Dès la formation d’acampadasol et dans les jours qui suivent, les hackers de Madrid décident de prêter main forte au mouvement. Ils créent rapidement les outils de base qu’ils mettent à disposition de leurs compagnons comme les deux blogs Wordpress tomalaplaza et tomalosbarrios. Dans le bar du Patio de las Maravillas, rempli de lycéens bruyants, Dani raconte la naissance du collectif :

Le groupe Hacksol a surgi de lui-même de l’acampadasol. Nous nous sommes très vite rendus compte à l’ampleur du mouvement, qu’il y aurait une montagne de choses à gérer au niveau technologique.

Le patio est un centre social et culturel autogéré, dans le quartier de Malasaña, berceau de la movida espagnole. L’immeuble est désaffecté, tout en travaux inachevés. Certains étages sont vides, d’autres accueillent des services sociaux, des réunions de quartier ou d’association, des ateliers artistiques, des cours d’espagnol ou des projections de films. Hacksol réunit également des programmeurs, des graphistes et des étudiants dont une partie sont au chômage. Les hackers apportent au mouvement leur expertise technique, numérique, et gèrent les infrastructures web du mouvement, des serveurs aux listes de courrier.

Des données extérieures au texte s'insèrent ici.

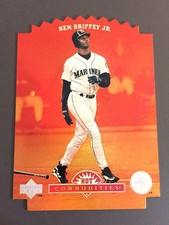 1996 Upper Deck Hot Commodities #HC1 KEN GRIFFEY JR. HOF Mariners Die-Cut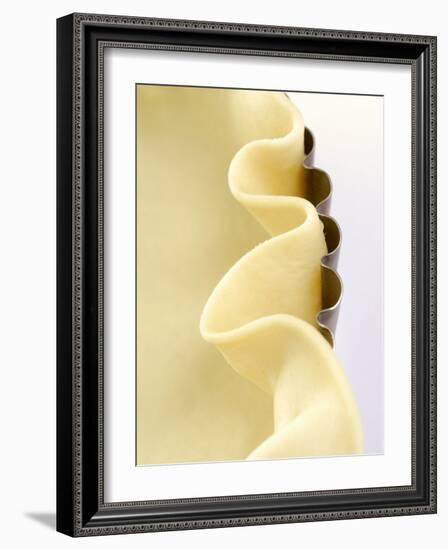 Tart Tin Lined with Pastry-Alain Caste-Framed Photographic Print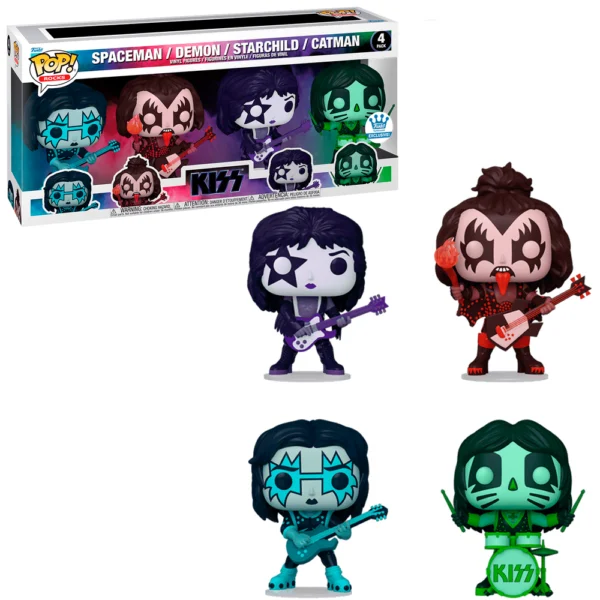 Funko pop KISS 4 pack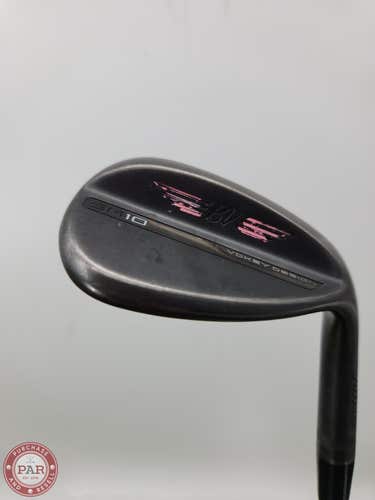 2024 TITLEIST VOKEY SM10 JET BLACK WEDGE 60*/10S WEDGEFLEX VOKEY STOCK 34.75" GO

Dani me présente à ses compañeros, Antonio et Charlie, hackers de leur état, dépassés par les évènements mais jamais à court d’idées et de ressources. Le nombre de participants sur le réseau monté par les hackers a quadruplé, les serveurs ont chauffé, et ils ont vite été débordés. L’extension du mouvement dans la rue en Espagne et à travers le monde, se reporte sur le web. La nécessité de transposer cette intelligence collective sur le réseau est devenue une priorité.

“Mettre l’intelligence collective sur le réseau”

Ils expliquent :

A partir de ces constatations, il a fallu repenser le réseau que nous avions construit dans l’urgence et créer de nouveaux outils.

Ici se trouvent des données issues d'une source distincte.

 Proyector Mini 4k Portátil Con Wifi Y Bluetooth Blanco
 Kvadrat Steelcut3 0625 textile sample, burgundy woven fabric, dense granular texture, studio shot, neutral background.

Le blocage sur la levée du campement de l’assemblée de Sol les a également poussé à se poser la question de la prise de décision et du vote avec les commissions. La création d’une sous-commission de Hacksol, le groupe VOX, composé de programmeurs, de juristes spécialisés dans le droit sur Internet, de sociologues et de politologues ainsi que de toute personne souhaitant participer, sera chargée de penser et de développer les outils de la démocratie du futur et de changer et améliorer les processus de décision actuels. Pas simple mais passionnant, et entre les mains de tous les citoyens.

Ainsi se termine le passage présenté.